Als erste Fachorganisation ist der „Arbeitskreis Deutsch als Fremdsprache“

zu erwähnen, der sich seit seiner Gründung (1971) aus der Position der Interessenvertretung zum „Fachverband Deutsch als Fremdsprache“ (FaDaF) entfaltete und wichtige fachspezifische Aufgaben erfüllt.

Außerhalb von Deutschland, in der Schweiz und in Österreich, vollzog sich eine vergleichbare Entwicklung erst sehr spät (vgl. Götze u.a. 2001: 22).

In der Schweiz bildete sich in den 90er Jahren ein Zentrum für DaF an der Universität Fribourg aus. In Österreich wurde der erste Lehrstuhl für Deutsch als Fremdsprache von Hans-Jürgen Krumm 1993 in Wien gegründet. Er er-fasste in seiner Antrittsvorlesung die wichtigsten Merkmale des neuen Faches und sah sie als große Chance für die Bereicherung des germanistischen Blicks.

Die Zeit hat seine Vermutung bestätigt.

Deutsch als Fremdsprache konstituiert sich nicht als Ableitung aus Literaturwissenschaft, Linguistik oder Pädagogik, sondern durch einen Wirklichkeitsbereich, ein Praxisfeld; hier liegt die grenzüberschreitende Erweiterung des germanistischen Blicks, was die Sprache betrifft, ebenso wie im Bereich der Literatur, der Landeskunde und der Sprachdidaktik. (Krumm 1994: 30)

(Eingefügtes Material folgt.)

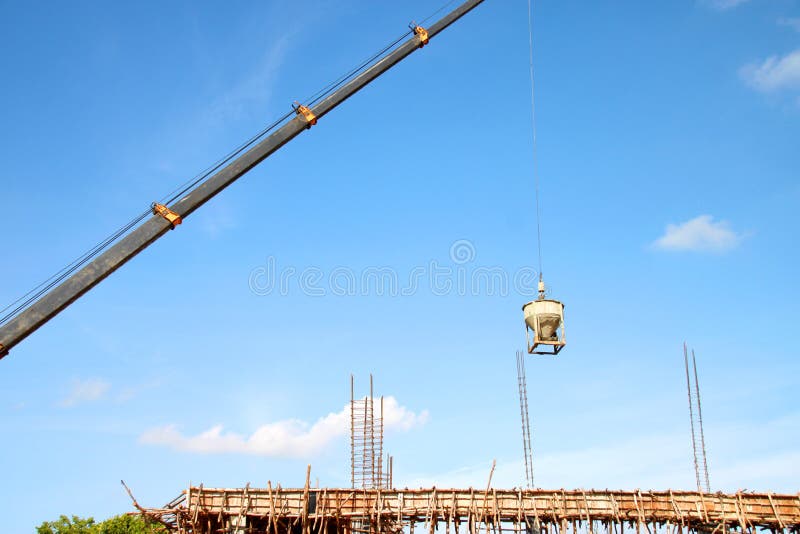 Crane lifting mixed concrete container stock photo Crane lifting mixed concrete container stock photo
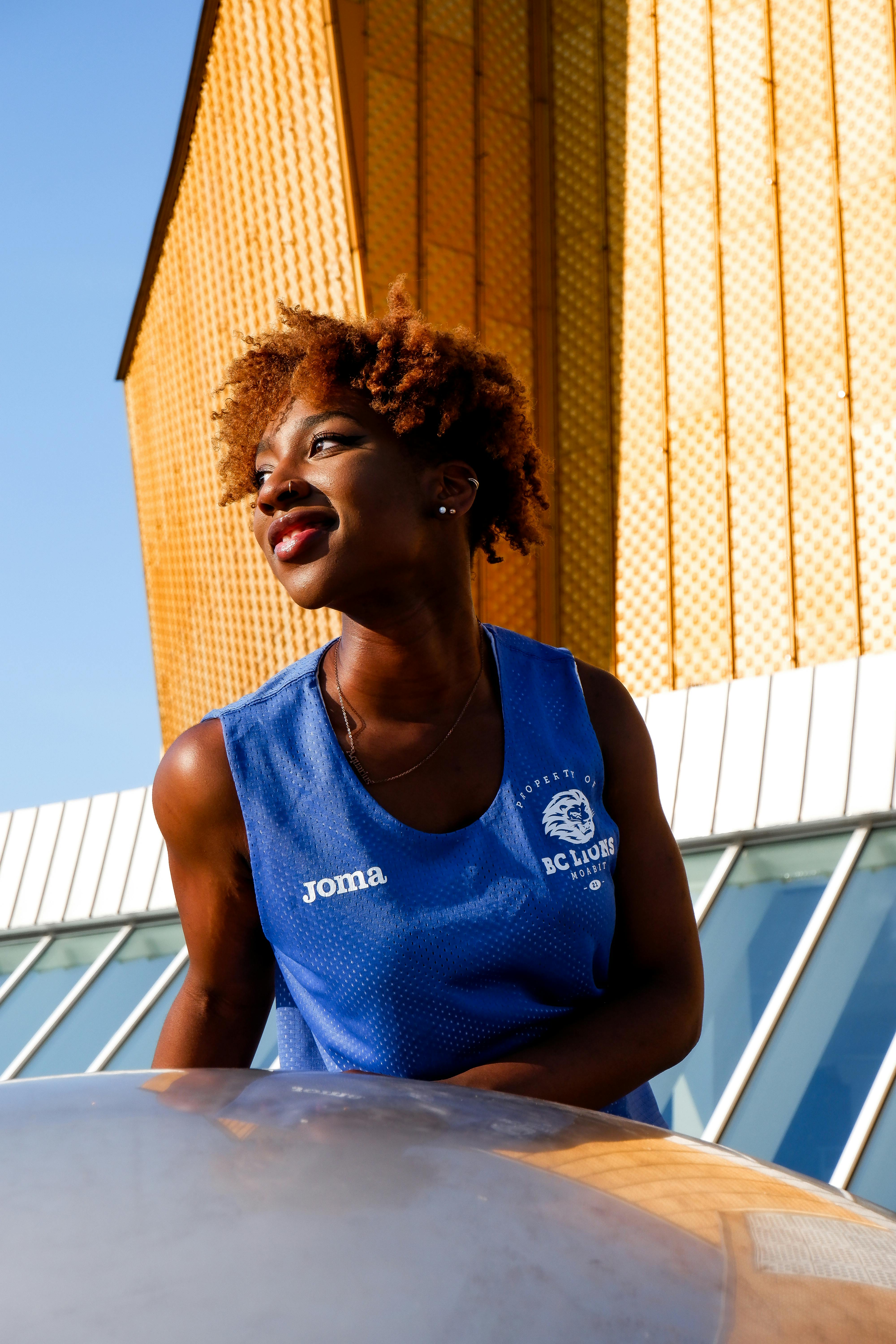 Portrait of a smiling woman enjoying a sunny day outdoors in Berlin, showcasing summer vibes.
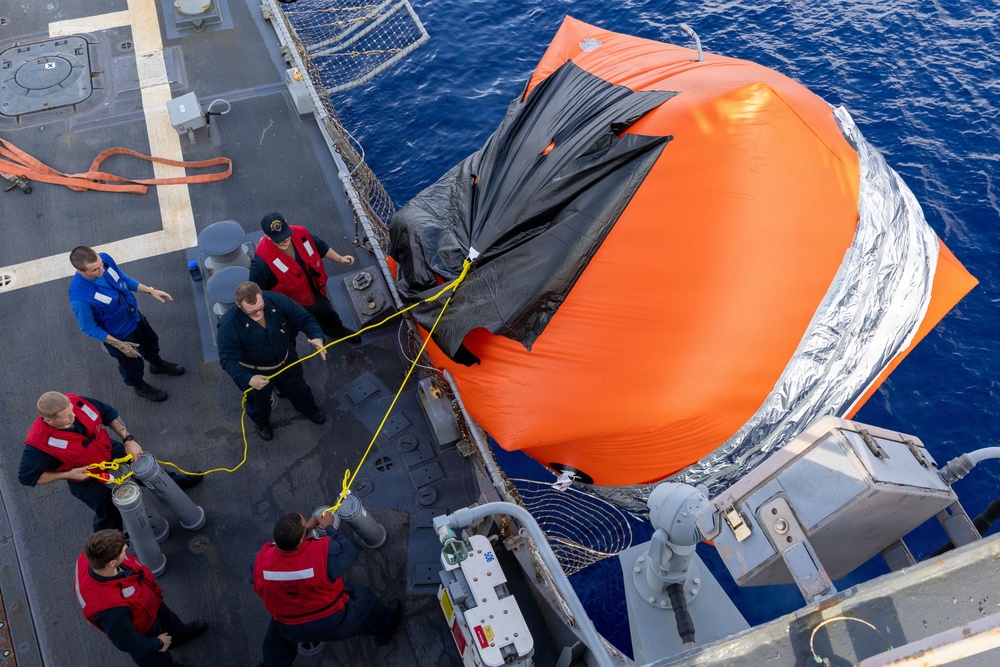 USS Mustin conducts a "killer tomato" inflatable surface target live-fire exercise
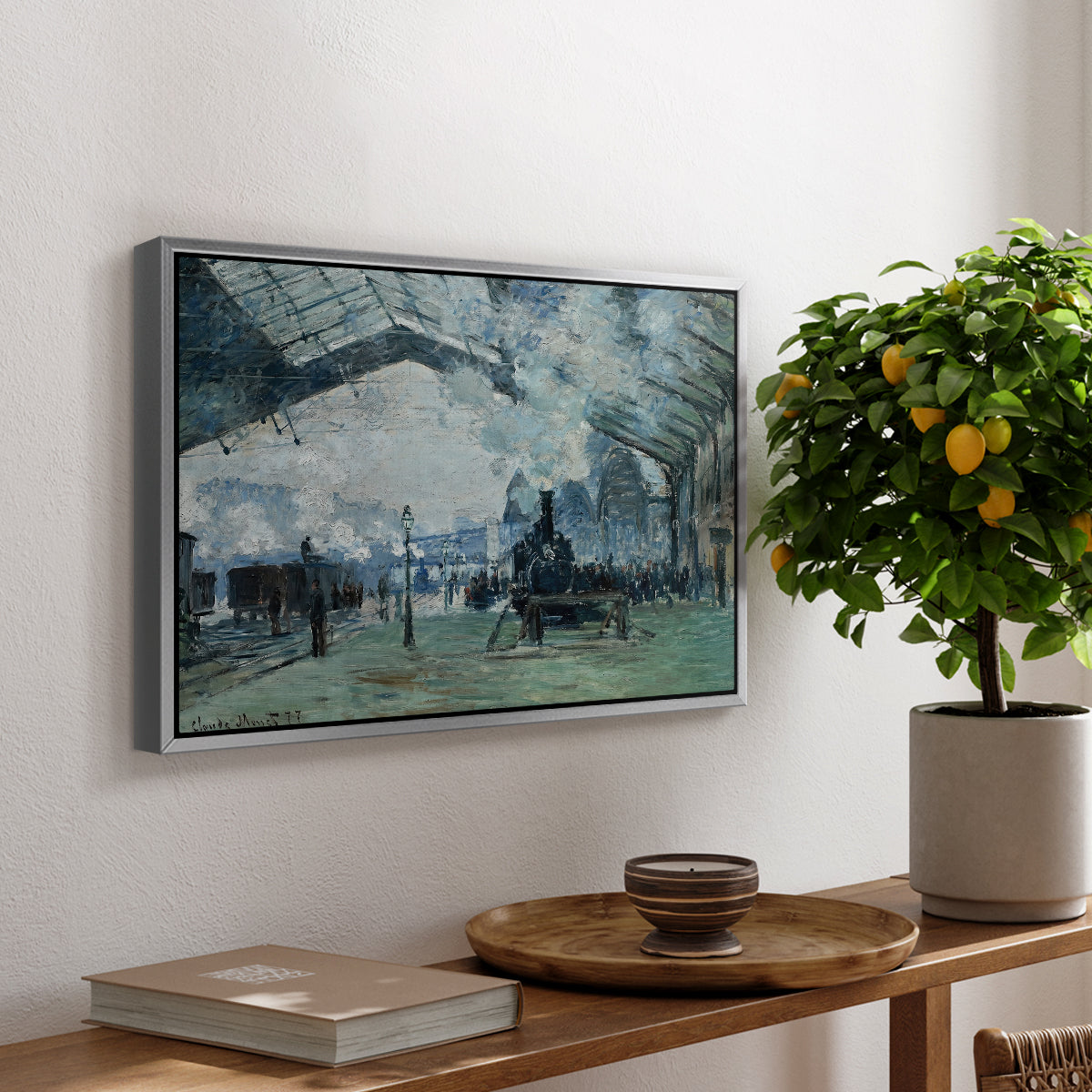The Saint-Lazare Station, 1877 by Claude Monet, presented in a silver floater framed canvas featuring trains arriving under large arched station roof with billowing steam, displayed above a hallway console table.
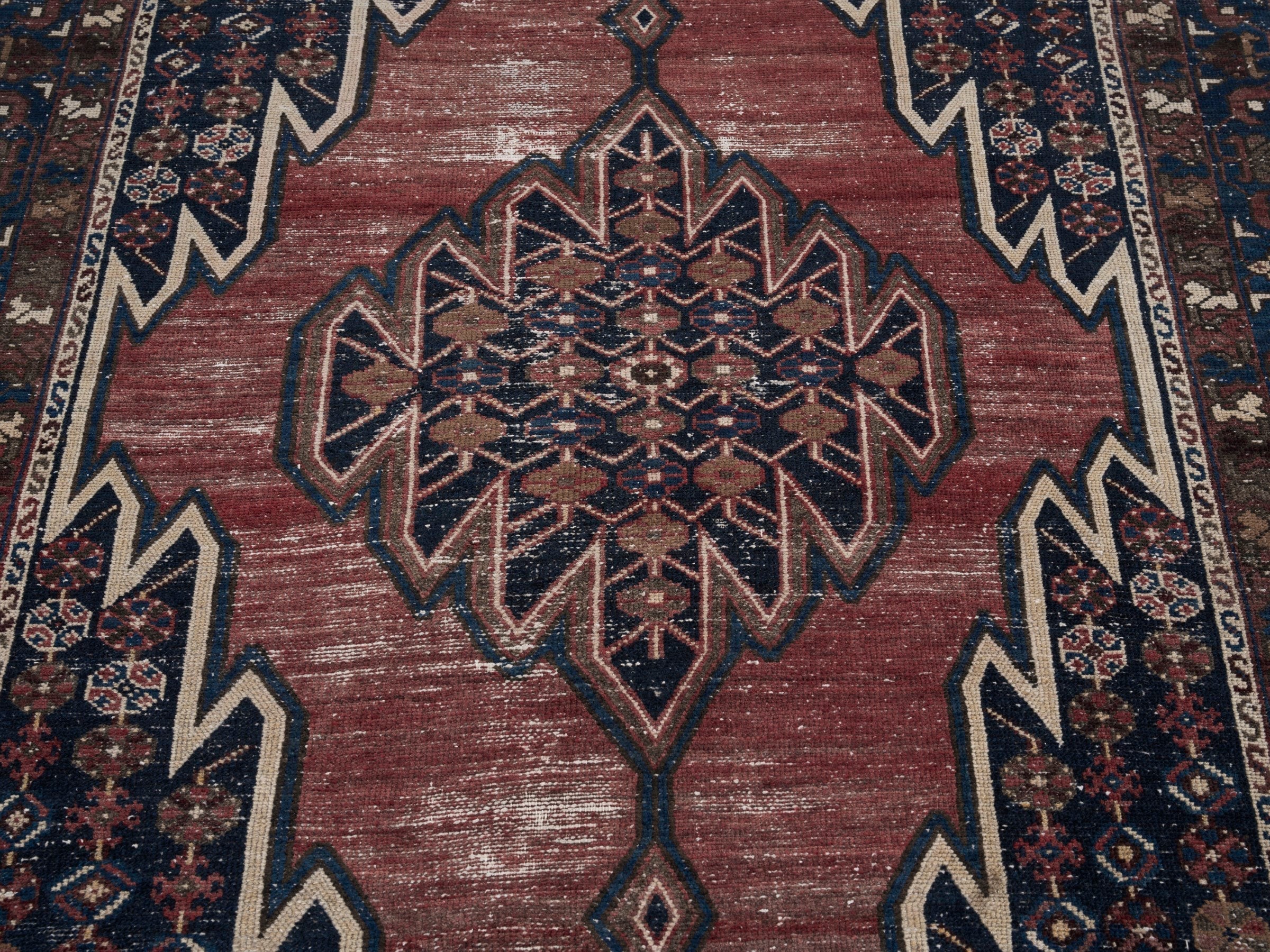 Persian Saveh accent rug in rust and navy, view 4 of 10
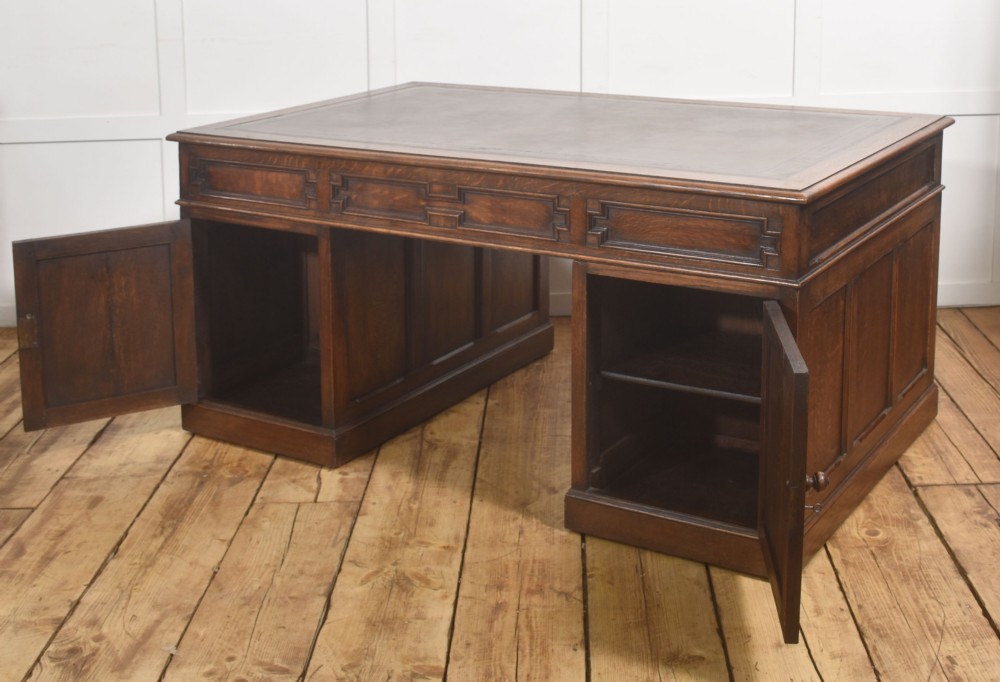 A double-pedestal antique oak partners desk featuring geometric drawer mouldings and an inset brown leather writing top. View IV
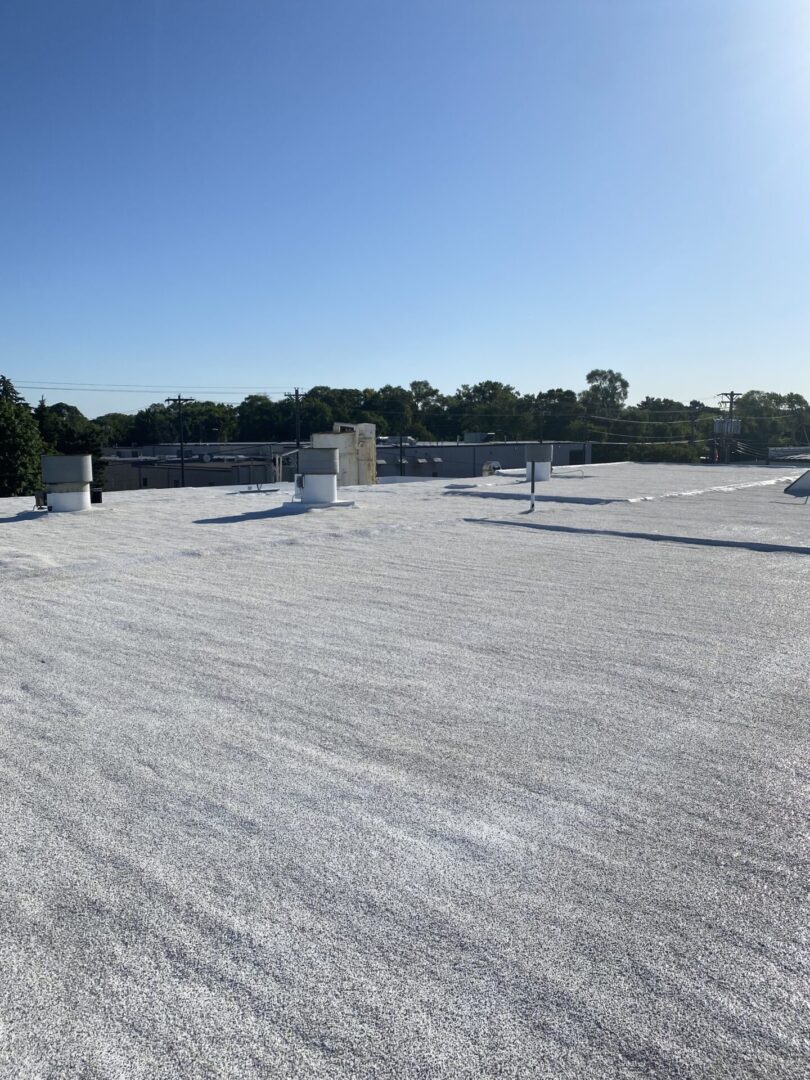 rooftop area of building property with spray insulation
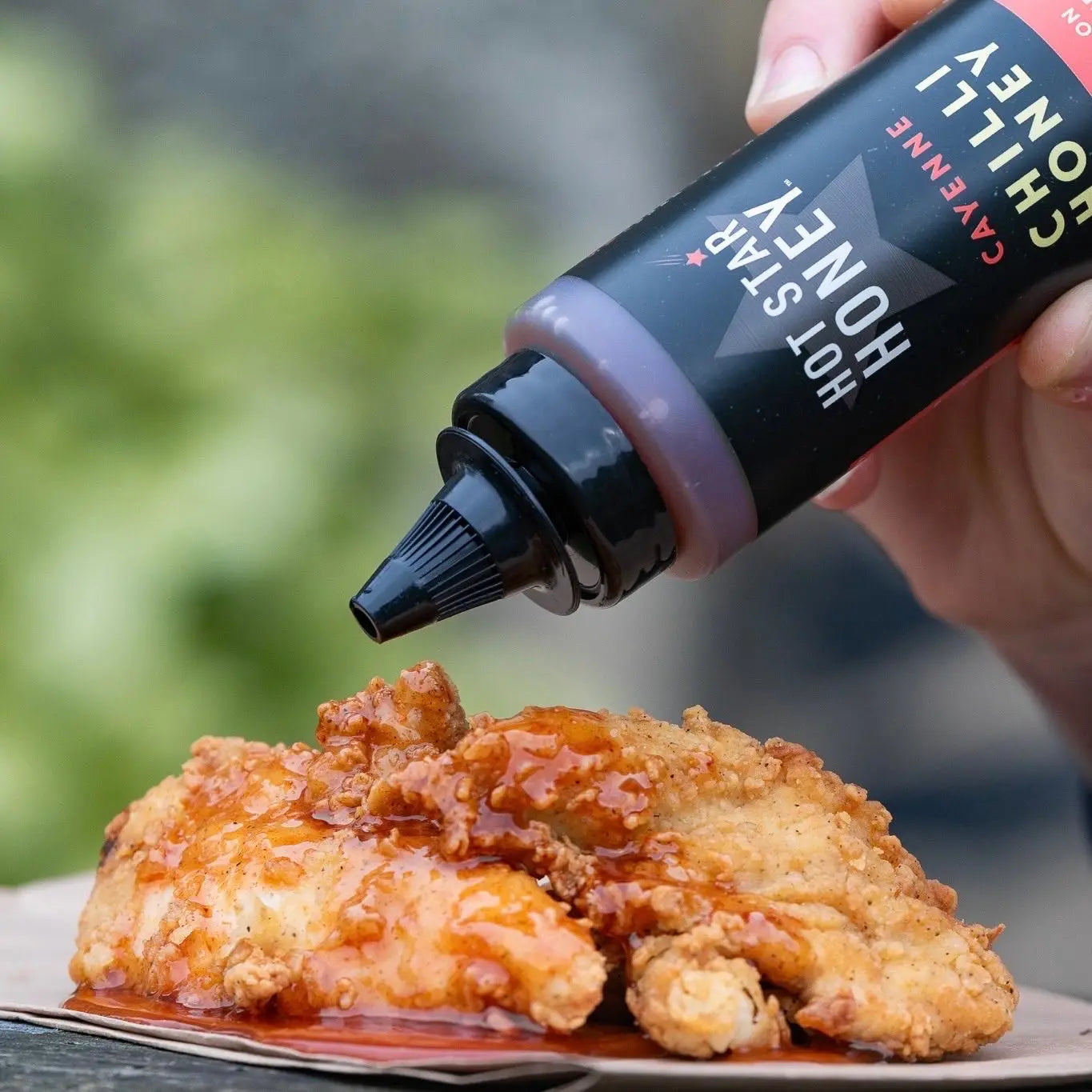 Hot Star Honey cayenne chili honey drizzled on grilled chicken showing spicy, golden honey with red chili flakes.
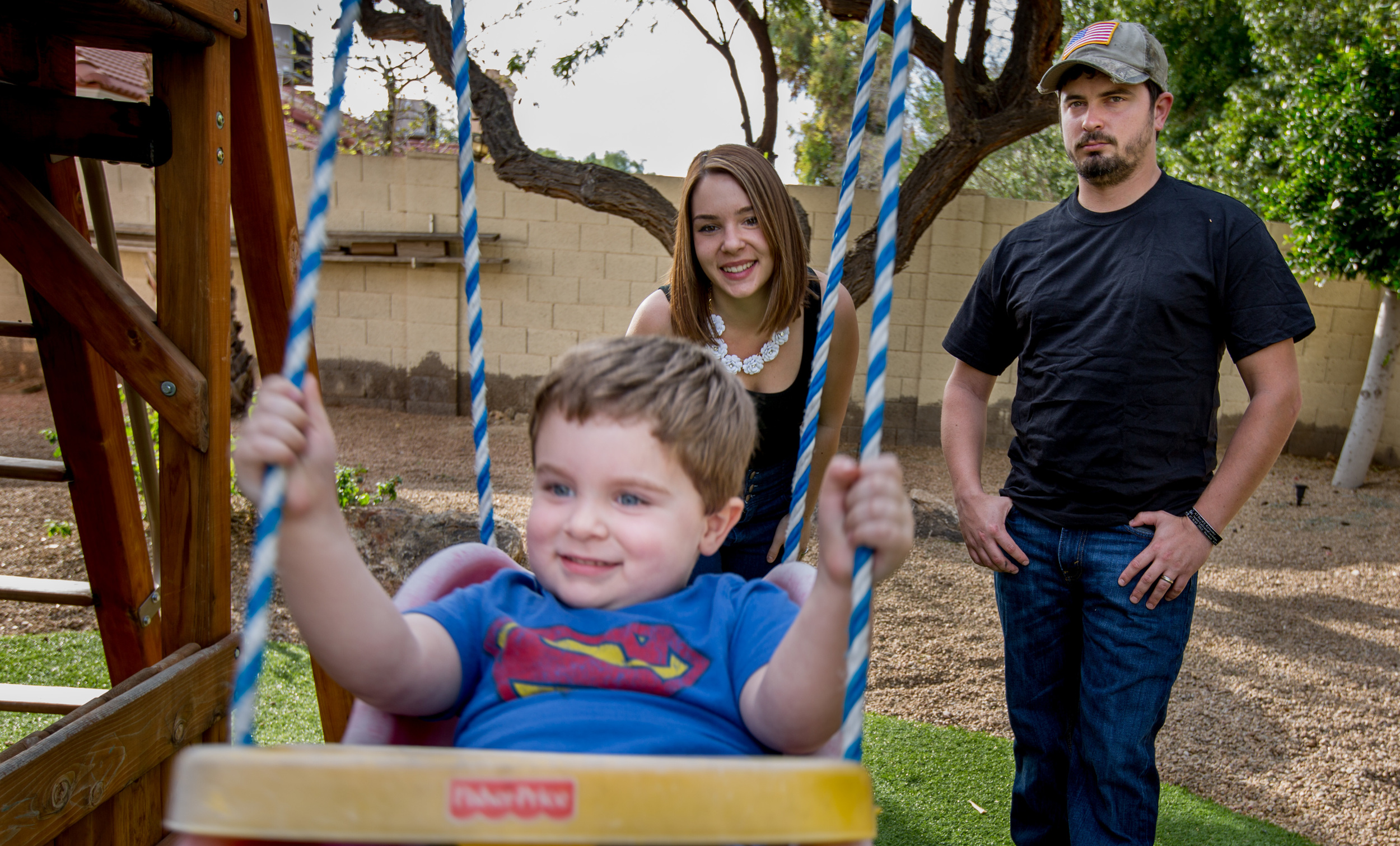  In a collaborative photograph, Josh Quigg creates an image that describes what it means to live with PTSD. He wants to be there for his family, but sometimes the PTSD pulls him back to Afghanistan.  (Photo by Kara Frame and Joshua Quigg) 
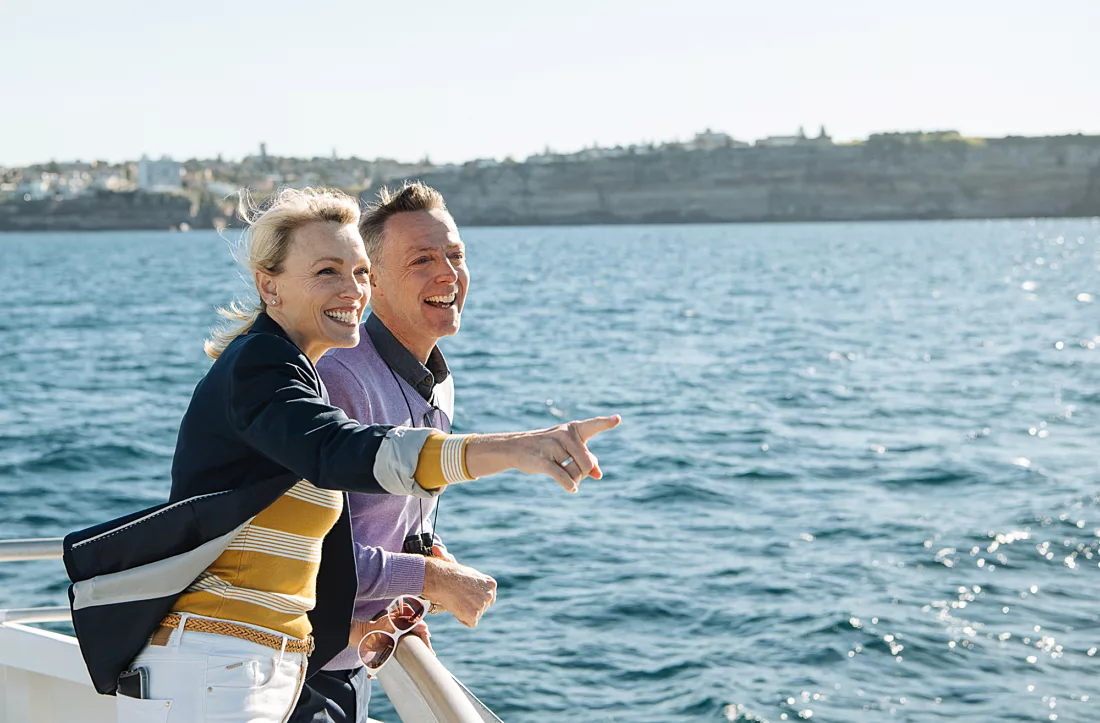 Couple spotting whales sightseeing hoho with Sydney Heads in the background wildlife non-ccc dnsw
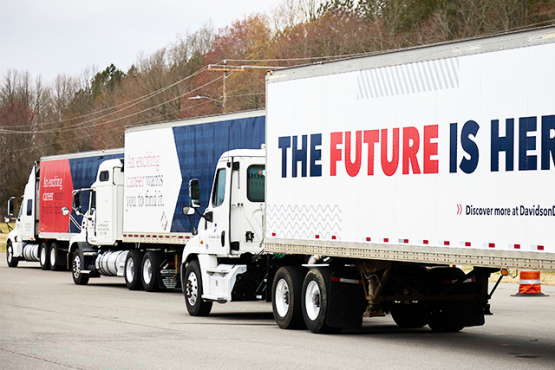 Three Davidson-Davie Community College branded tractor trailers arranged in a staggered line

1995 wurde in Graz die zweite Professur für DaF in Österreich von Paul Portmann-Tselikas besetzt. Mit den Arbeiten zur Textkompetenz, die Portmann-Tselikas seit Mitte der 90er Jahre durchgeführt und angeregt hat, wurde ein Forschungsbereich begründet, der mittlerweile breite Anerkennung gefunden hat (vgl. Schmölzer-Eibinger/Weidacher 2007).